» ENTRIES SHOWN
===

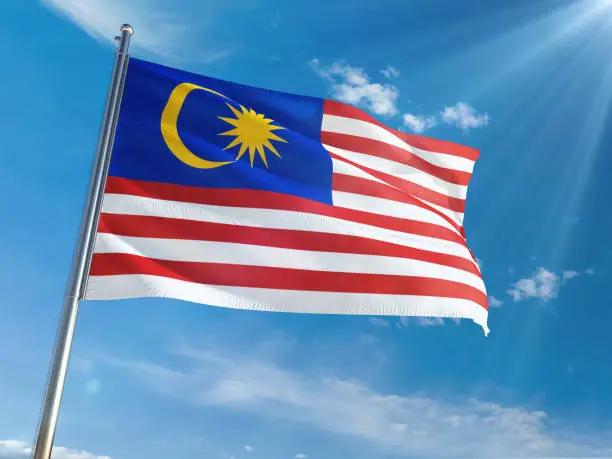 Malaysia National Flag Waving on pole against sunny blue sky background. High Definition
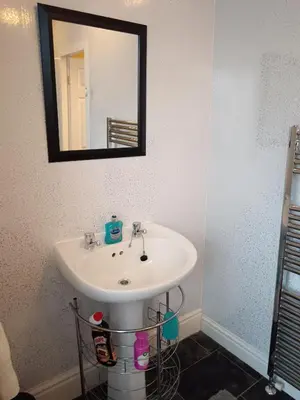 a bathroom with a white sink and a mirror at Heatherlea in Grange Over Sands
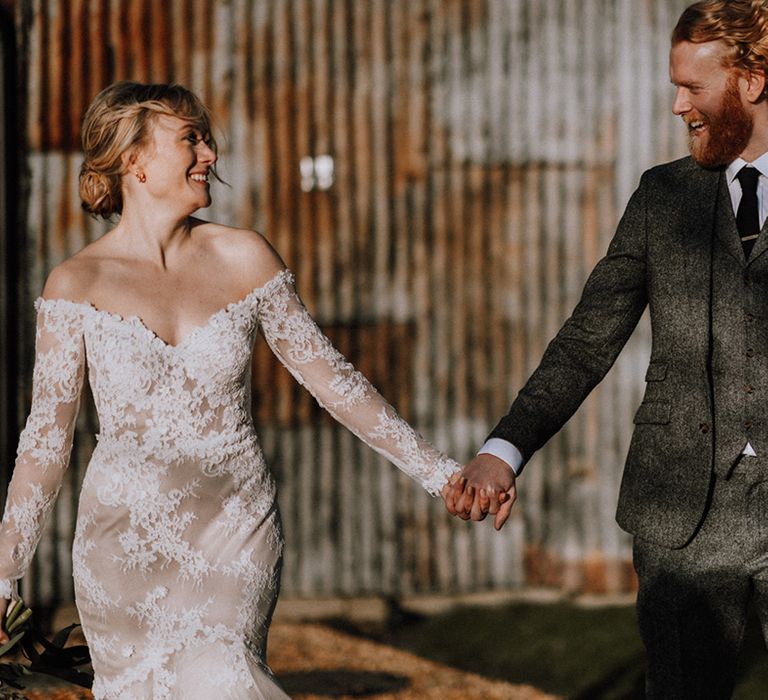 Bride and groom walk holding hands during their windy wedding day 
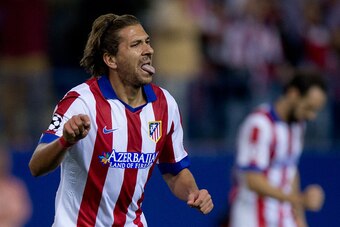 MADRID, SPAIN - OCTOBER 22: Alessio Cerci of Atletico de Madrid celebrates scoring their fifth goal during the UEFA Champions League group A match between Club Atletico de Madrid and Malmo FF at Vicente Calderon stadium on October 22, 2014 in Madrid, Spai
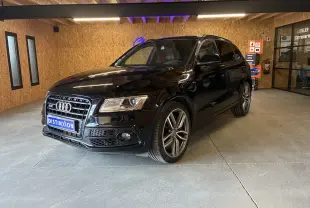 Audi SQ5 noir vue 3/4 avant droit, avec jantes alu et calandre distinctive dans un intérieur bois clair.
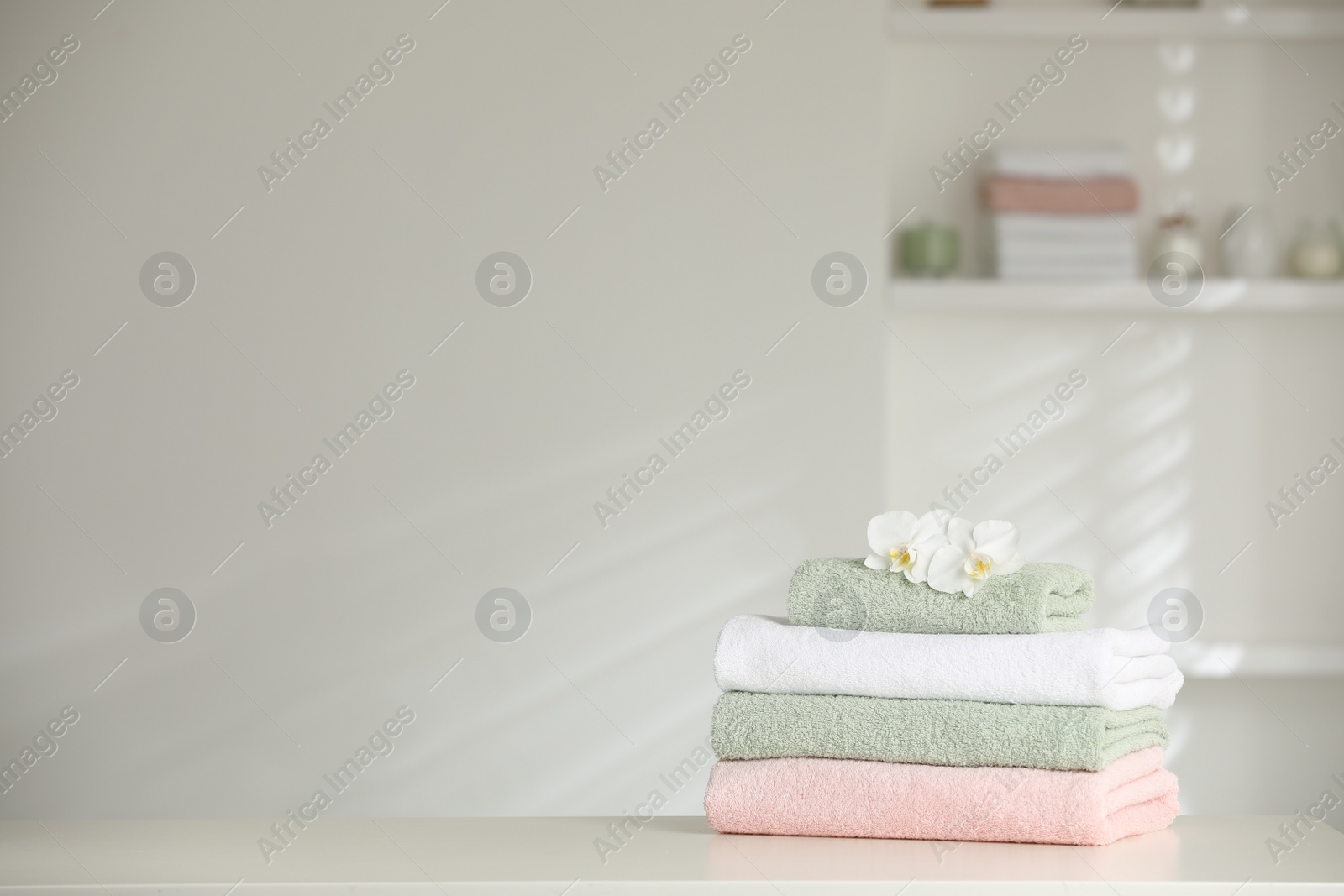 Photo of Stack of clean soft towels with orchid flowers on white table indoors. Space for text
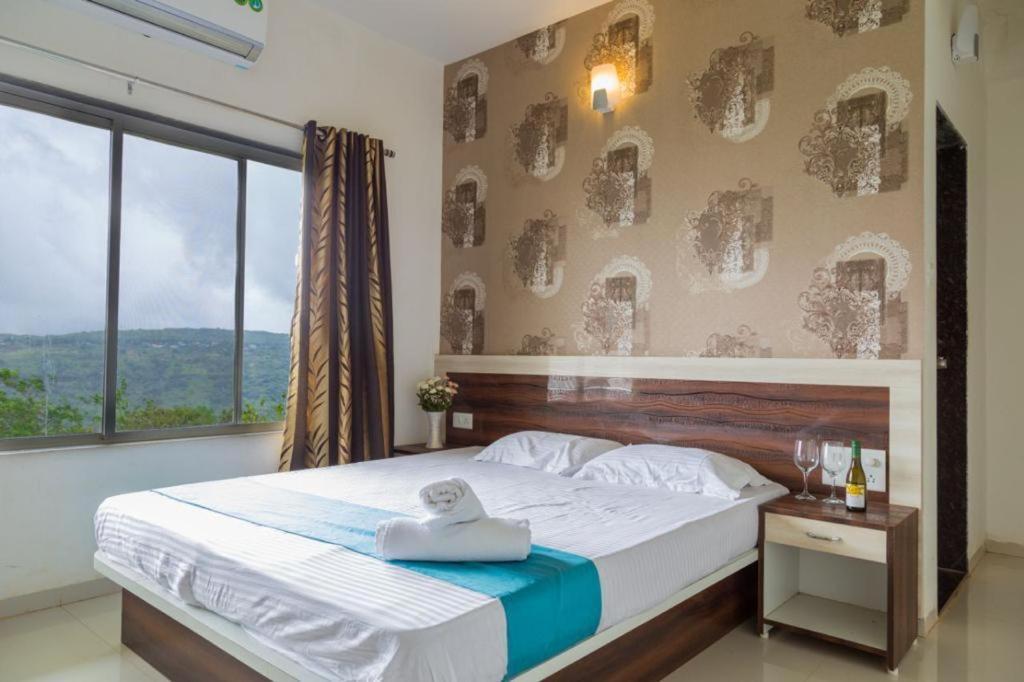 a bedroom with a large bed and a large window at Hill View Bungalow,Mahabaleshwar With Private Swimming Pool in Mahabaleshwar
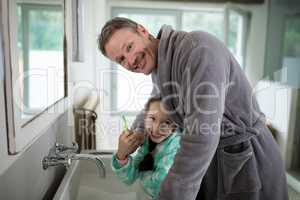 Smiling father and daughter holding toothbrush in bathroom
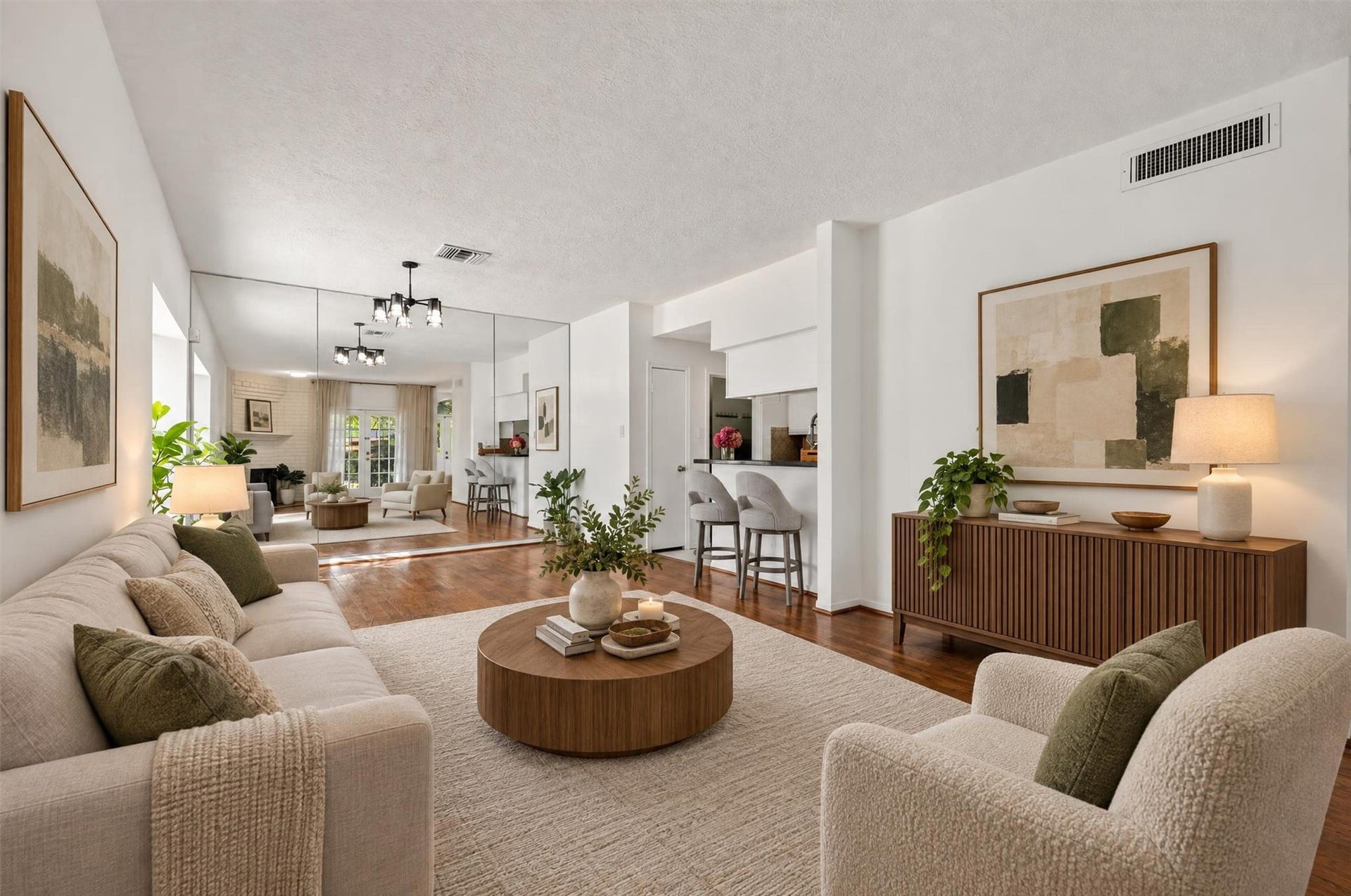 2220 Bering Drive, #12, Houston, TX 77057 An alternate view of the living room showcasing the flow toward the dining area and kitchen. Virtually staged.
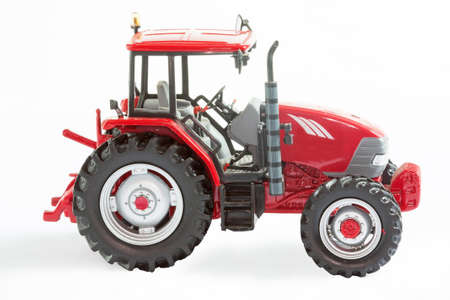 Toy scale model of plastic tractorの写真素材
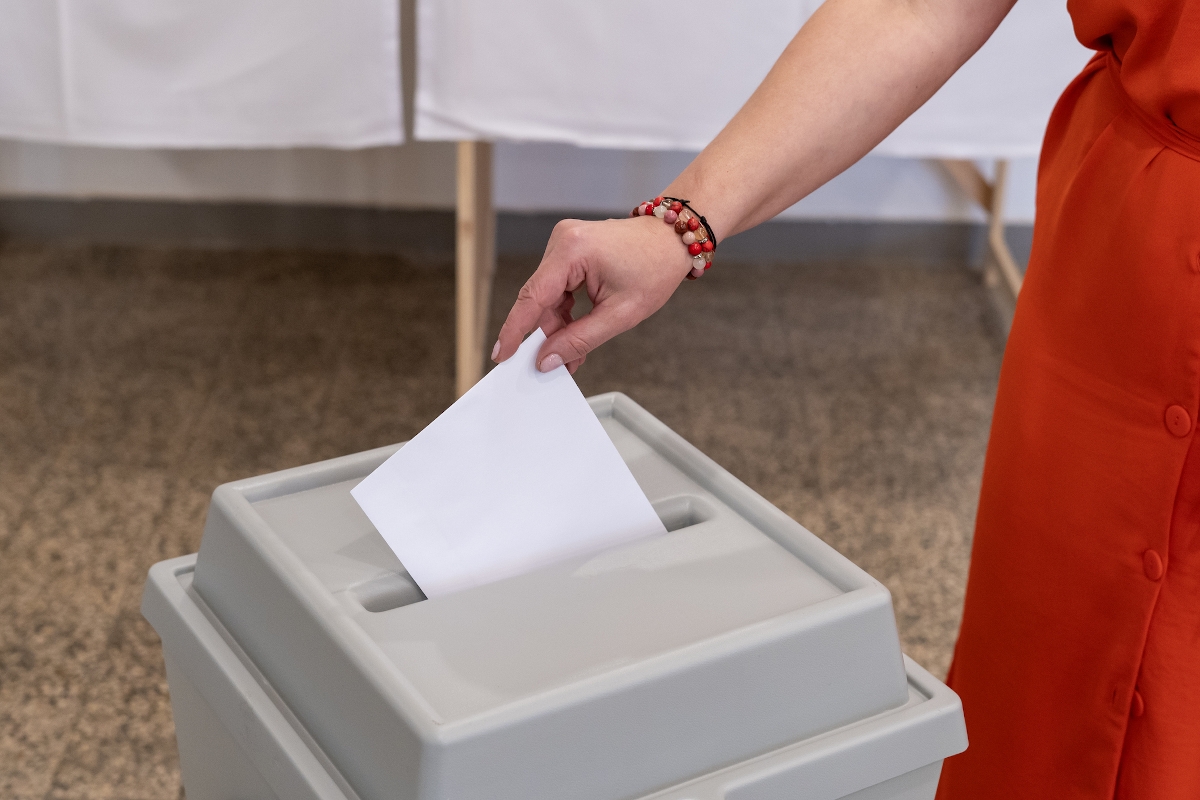 Egy nő a szavazóurnába helyezi a szavazólapot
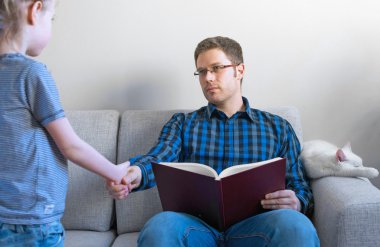 Küçük kız babası kitap okurken rahatsız.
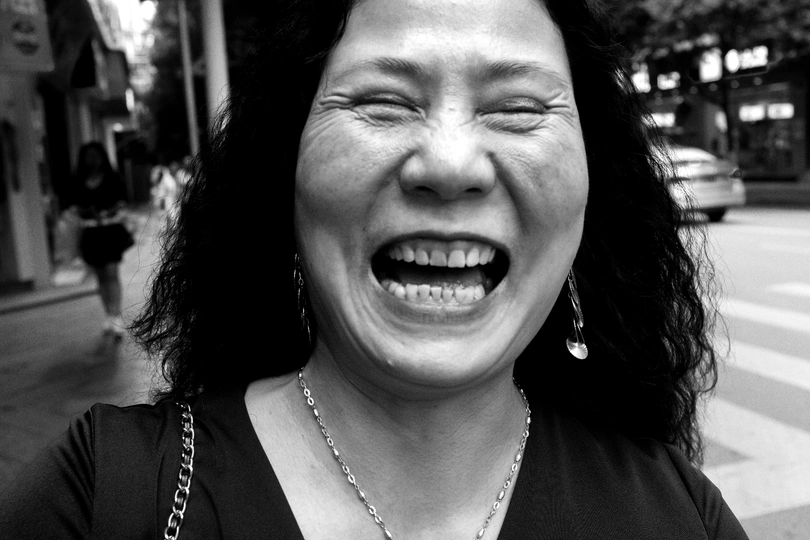 一个站在街上的女人 脸上带着微笑 牙齿露在外面。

===

» YOUR TASK
Print all the records exactly, minus any images.

» ANSWER TO THE EXERCISE
 Malaysia National Flag Waving on pole against sunny blue sky background. High Definition
 a bathroom with a white sink and a mirror at Heatherlea in Grange Over Sands
 Bride and groom walk holding hands during their windy wedding day 
 MADRID, SPAIN - OCTOBER 22: Alessio Cerci of Atletico de Madrid celebrates scoring their fifth goal during the UEFA Champions League group A match between Club Atletico de Madrid and Malmo FF at Vicente Calderon stadium on October 22, 2014 in Madrid, Spai
 Audi SQ5 noir vue 3/4 avant droit, avec jantes alu et calandre distinctive dans un intérieur bois clair.
 Photo of Stack of clean soft towels with orchid flowers on white table indoors. Space for text
 a bedroom with a large bed and a large window at Hill View Bungalow,Mahabaleshwar With Private Swimming Pool in Mahabaleshwar
 Smiling father and daughter holding toothbrush in bathroom
 2220 Bering Drive, #12, Houston, TX 77057 An alternate view of the living room showcasing the flow toward the dining area and kitchen. Virtually staged.
 Toy scale model of plastic tractorの写真素材
 Egy nő a szavazóurnába helyezi a szavazólapot
 Küçük kız babası kitap okurken rahatsız.
 一个站在街上的女人 脸上带着微笑 牙齿露在外面。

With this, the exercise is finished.